Том 17. Пошехонская старина - Михаил Салтыков-Щедрин
Шрифт:
Интервал:
Закладка:
И вот однажды — это было летом — матушка собралась в Заболотье и меня взяла с собой. Это был наш первый (впрочем, и последний) визит к Савельцевым. Я помню, любопытство так сильно волновало меня, что мне буквально не сиделось на месте. Воображение работало, рисуя заранее уже созданный данный образ фурии, грозно выступающей нам навстречу. Матушка тоже беспрестанно колебалась и переговаривалась с горничной Агашей.
— Заезжать, что ли?
— Это как вам, сударыня, будет угодно.
— Еще не примет, пожалуй!
— Как не принять… помилуйте! даже с радостью. Матушка задумалась на минуту в нерешимости и потом продолжала:
— Чай, и Фомку своего покажет!
— Может, и посовестится. А впрочем, сказывают, он за̀все с барыней за одним столом обедает…
— Ну, ладно, едем!
Через короткое время, однако ж, решимость оставляла матушку, и разговор возобновлялся на противоположную тему.
— Нет уж, что̀ срамиться, — говорила она и, обращаясь к кучеру, прибавляла: — Ступай на постоялый двор!
Поэтому сердце мое сильно забилось, когда, при повороте в Овсецово, матушка крикнула кучеру:
— В Овсецово!
Экипаж своротил с большой дороги и покатился мягким проселком по направлению к небольшому господскому дому, стоявшему в глубине двора, обнесенного тыном и обсаженного березками.

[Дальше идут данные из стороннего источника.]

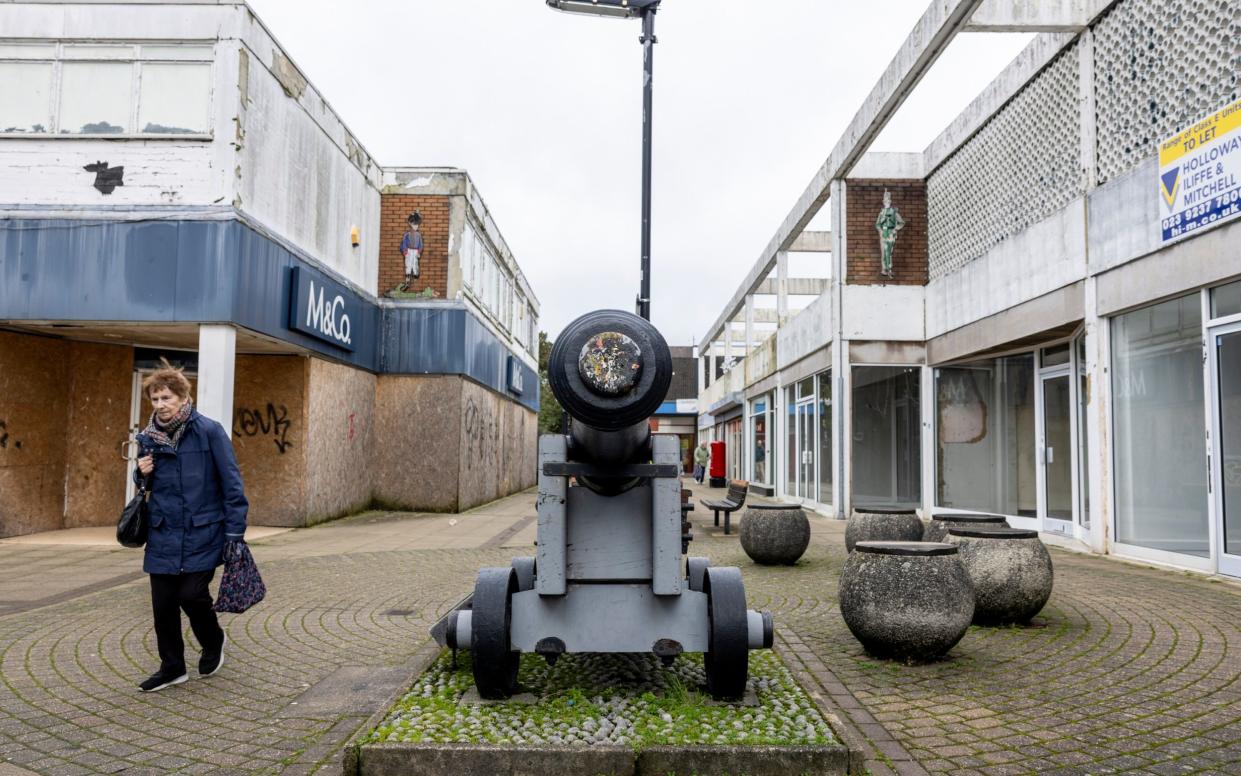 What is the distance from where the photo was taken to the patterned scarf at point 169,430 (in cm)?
455

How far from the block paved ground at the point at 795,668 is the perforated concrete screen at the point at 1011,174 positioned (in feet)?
18.7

Действительно, нас ожидало нечто не совсем обыкновенное. Двор был пустынен; решетчатые ворота заперты; за тыном не слышалось ни звука. Солнце палило так, что даже собака, привязанная у амбара, не залаяла, услышав нас, а только лениво повернула морду в нашу сторону.

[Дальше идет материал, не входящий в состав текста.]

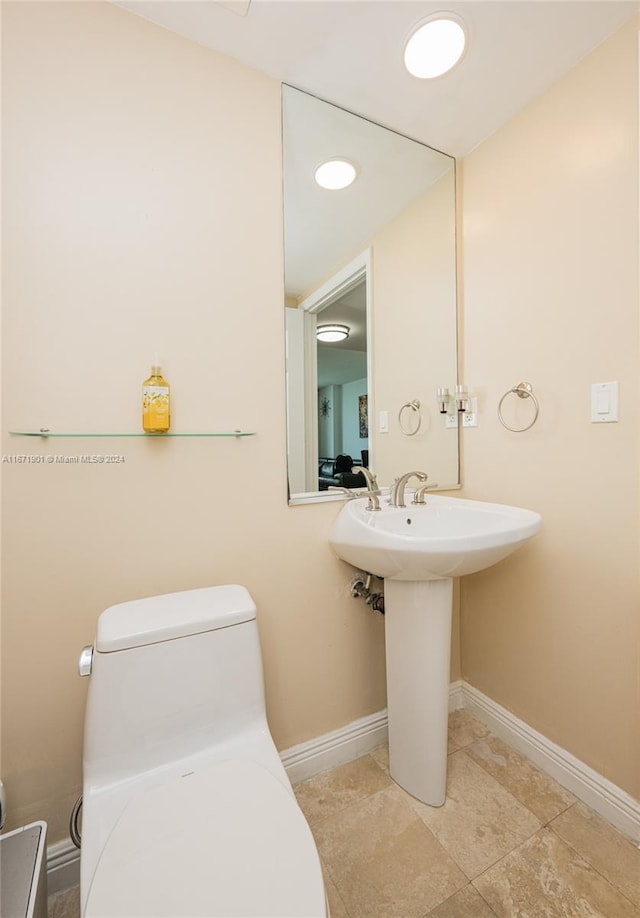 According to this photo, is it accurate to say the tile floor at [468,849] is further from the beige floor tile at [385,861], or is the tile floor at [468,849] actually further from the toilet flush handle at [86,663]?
the toilet flush handle at [86,663]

Казалось, само забвение поселилось здесь и покрыло своим пологом все живущее. Через две-три минуты, однако ж, из-за угла дома вынырнула человеческая фигура в затрапезном сюртуке, остановилась, приложила руку к глазам и на окрик наш: «Анфиса Порфирьевна дома?» — мгновенно скрылась. Потом с девичьего крыльца выбежала женщина в рваном сарафане и тоже скрылась. Наконец сквозь решетчатые ворота мы увидели начавшееся в доме движение, беготню. Отворилось парадное крыльцо, и из него выбежал босоногий подросток в нанковом казакине, который и отворил нам ворота.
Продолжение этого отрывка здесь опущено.